A long while back I used to add a “Now Playing” block to the end of blog posts (see this post for an example). I wrote a little helper extension for Windows Live Writer that would interrogate iTunes to find out what I was listening to, and then go online to request a link to the album from Amazon, along with an image of the album, and inject the lot into the post. That Amazon-request bit was linked to my Amazon seller id, so that, in theory, if someone clicked on the “Now Playing” album image and bought the album, I’d get 2 cents. Well, I made so little money from this (if any, to be honest), Amazon finally cancelled my seller id. Oh well, never mind.

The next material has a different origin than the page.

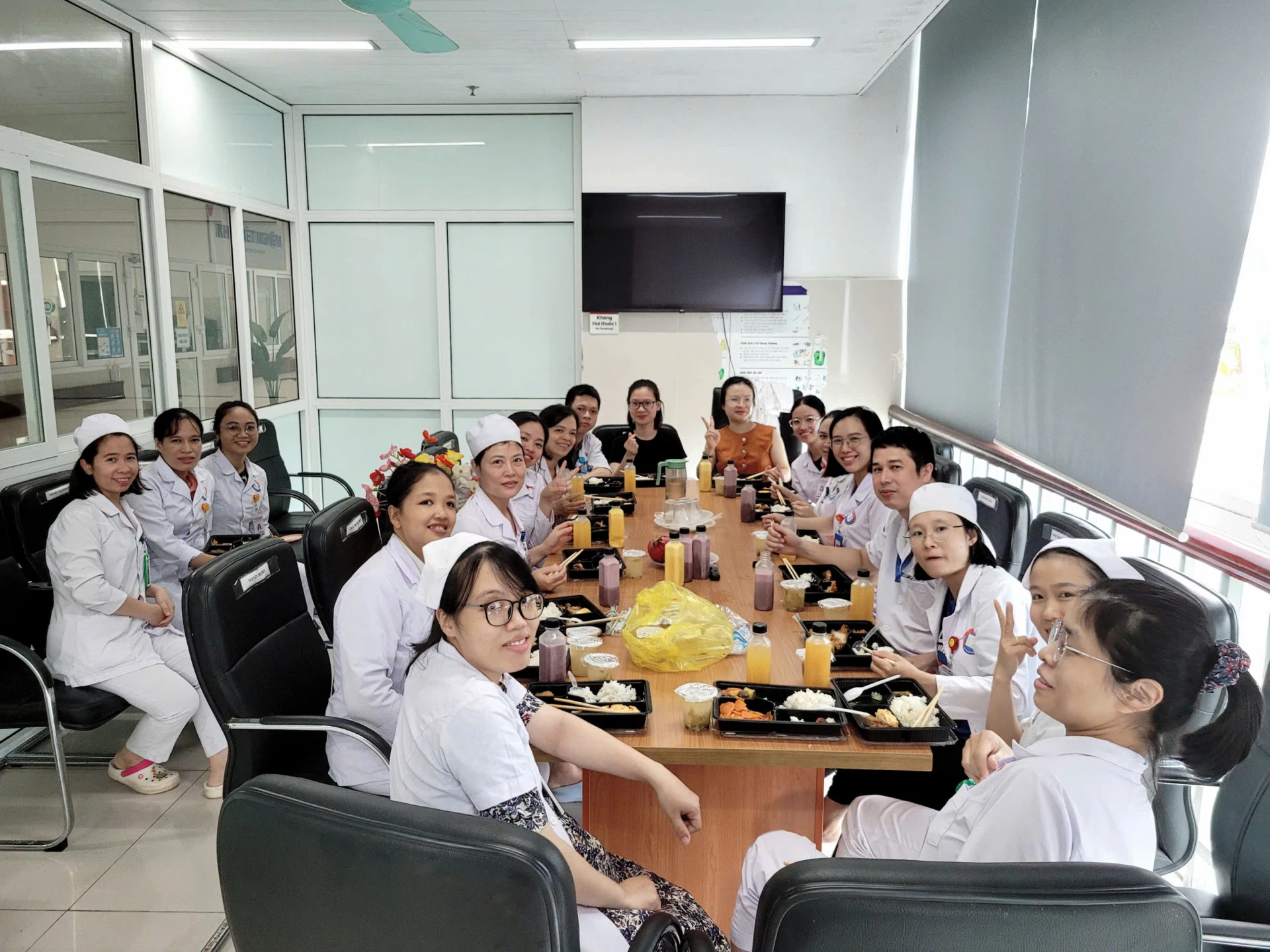 Bữa cơm công đoàn góp phần xây dựng môi trường làm việc ấm áp, nhân văn, củng cố tình đoàn kết, gắn bó của đội ngũ cán bộ, nhân viên y tế.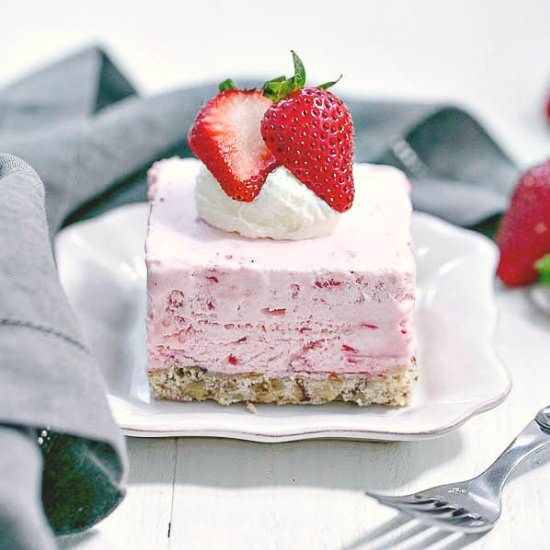 Mile High Strawberry Pie - Recipe photo by thatskinnychickcanbake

However, those album images all came from an Amazon site called
http://ecx.images-amazon.com. It turns out that that site is http only, not https. Since boyet.com was now secure, it was causing an error and the image was not being retrieved or displayed. I finally found out that Amazon have a secure site that serves up these album images:
https://images-na.ssl-images-amazon.com. All I had to do was run a quick SQL command on my Posts table to make the replacement. Now you know.
So, because I joined the Kickstarter for making version 5.0 of Font Awesome at the $50 level, I got the Pro version. Brilliant! And the mug, of course.
So, as part of this move to Azure I decided I should update my sites from version 3.5 to use this Pro version instead. Updated everything as they recommended, but, my oh my, their CDN can be s-l-o-w sometimes. I eventually switched to self-hosting instead, and my sites are now much faster. Just a thought, if you also have purchased Pro Font Awesome.